Department of Epidemiology Research, Danish Epidemiology Science Centre, Statens Serum Institut, Copenhagen, Denmark.
Epidemiologic similarities between Hodgkin lymphoma in young adults (i.e., between 15 and 44 years old) and multiple sclerosis have led to the suggestion that these diseases may have related etiologies.

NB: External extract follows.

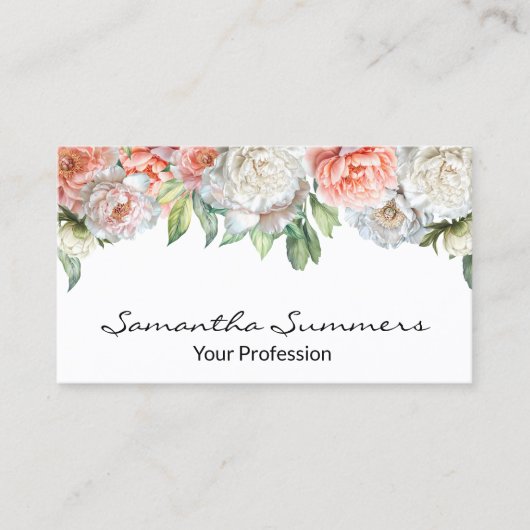 水彩牡丹の花 名刺 (正面)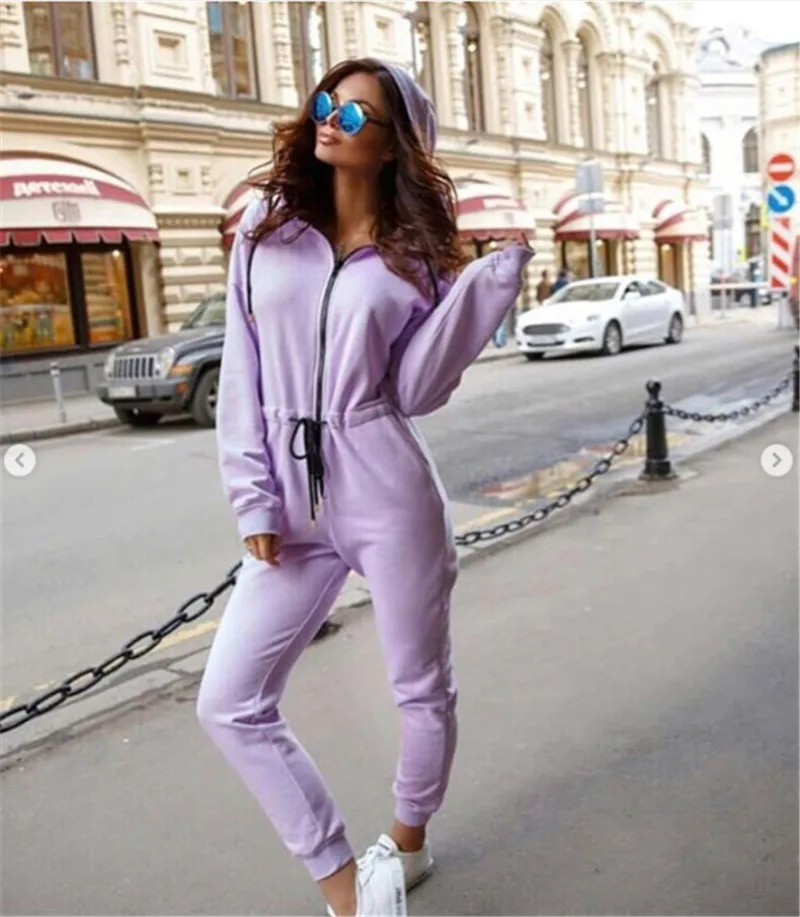 Ladies Women Jumpsuit Zipper Hooded Clubwear Party Bodycon Long Pants Casual Romper Solid Warm Cotton Skinny Soft Clothing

Previous investigations have not supported this hypothesis, but the negative results could have been caused by methodologic problems.
We therefore assessed the risk of developing Hodgkin lymphoma for patients with multiple sclerosis and for their families and the risk of developing multiple sclerosis for patients with Hodgkin lymphoma and for their families.
We identified 11,790 patients with multiple sclerosis and 19,599 of their first-degree relatives in Danish population-based registers and followed them for the occurrence of Hodgkin lymphoma.
Analogously, we identified 4381 patients with Hodgkin lymphoma and 7388 of their first-degree relatives and followed them for the occurrence of multiple sclerosis.
The relative risks (RRs) of Hodgkin lymphoma and multiple sclerosis were expressed as standardized incidence ratios (i.e., the ratio between observed and expected numbers of outcomes based on age, sex, and period-specific incidence rates).
All statistical tests were two-sided.
Overall, six cases of Hodgkin lymphoma were identified in patients with multiple sclerosis (RR for Hodgkin lymphoma = 1.40, 95% confidence interval [CI] = 0.63 to 3.12), two of which occurred in young adults (RR = 1.59, 95% CI = 0.40 to 6.37).
The risk of young-adult-onset Hodgkin lymphoma was statistically significantly increased in the first-degree relatives of patients with multiple sclerosis (RR = 1.93, 95% CI = 1.01 to 3.71; n = 9 such lymphomas).
Two cases of multiple sclerosis were identified among young adult patients with Hodgkin lymphoma (RR for multiple sclerosis = 0.82, 95% CI = 0.20 to 3.27), and the risk for multiple sclerosis was statistically significantly increased in their first-degree relatives (RR = 2.76, 95% CI = 1.44 to 5.31; n = 9 such multiple sclerosis cases).
The observed familial clustering of multiple sclerosis and young-adult-onset Hodgkin lymphoma is consistent with the hypothesis that the two conditions share environmental and/or constitutional etiologies.